- Exercise details
Leaving out all pictures, return the records word for word.

(Short descriptive text snippets)
━━━━━━━━

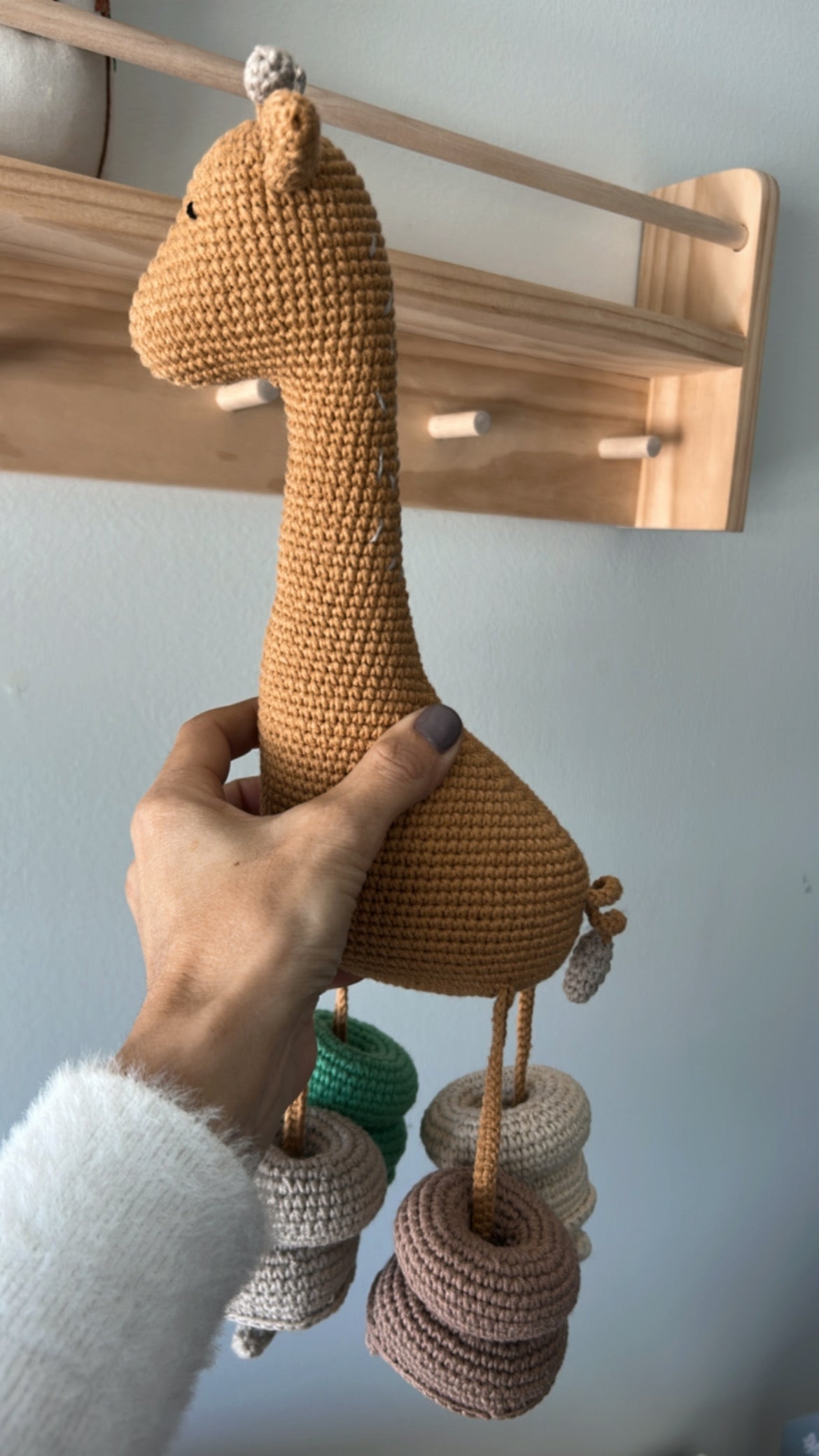 Giraffe Threading Toy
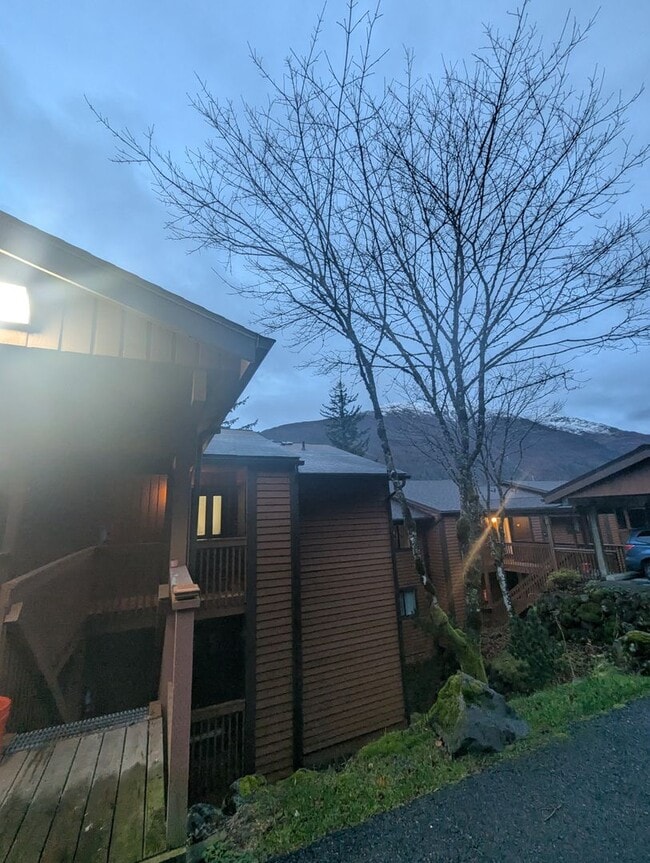 Primary Photo - 2 bed/1 bath Crowhill condo on Douglas- Unfurnished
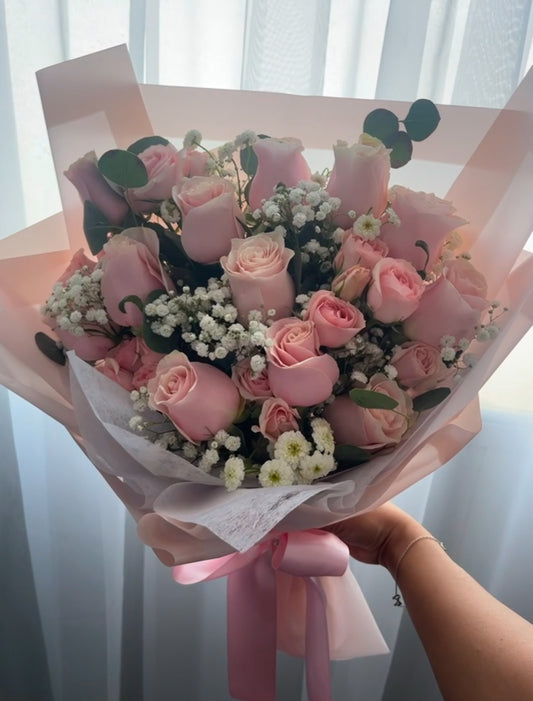 Classic petite rose bouquet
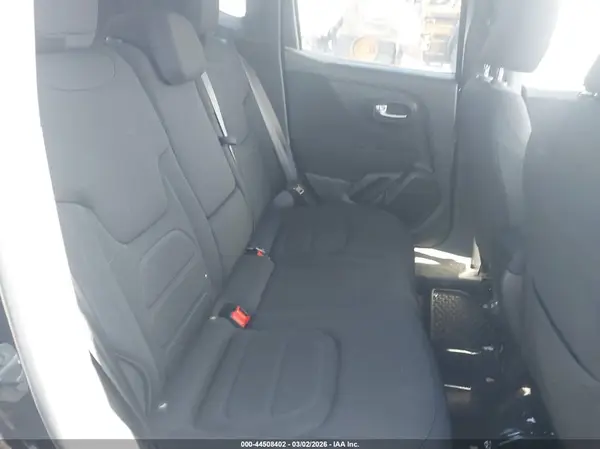 ZACNJDBB7MPM25057 2021 JEEP RENEGADE - Image 8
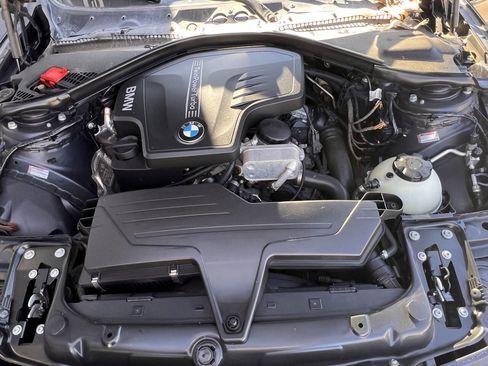 Used 2013 BMW 320i xDrive Sedan image 15
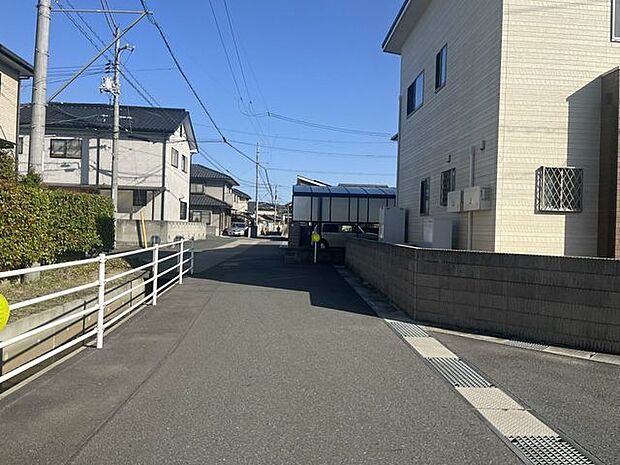 前面道路含む現地写真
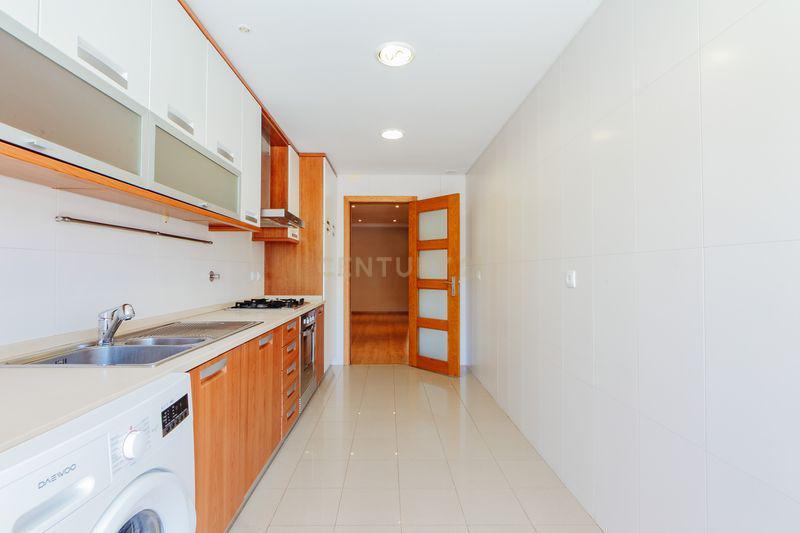 Apartamento T2 em Odivelas com Box e Varanda - Image 9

━━━━━━━━

- Solution to this problem
 Giraffe Threading Toy
 Primary Photo - 2 bed/1 bath Crowhill condo on Douglas- Unfurnished
 Classic petite rose bouquet
 ZACNJDBB7MPM25057 2021 JEEP RENEGADE - Image 8
 Used 2013 BMW 320i xDrive Sedan image 15
 前面道路含む現地写真
 Apartamento T2 em Odivelas com Box e Varanda - Image 9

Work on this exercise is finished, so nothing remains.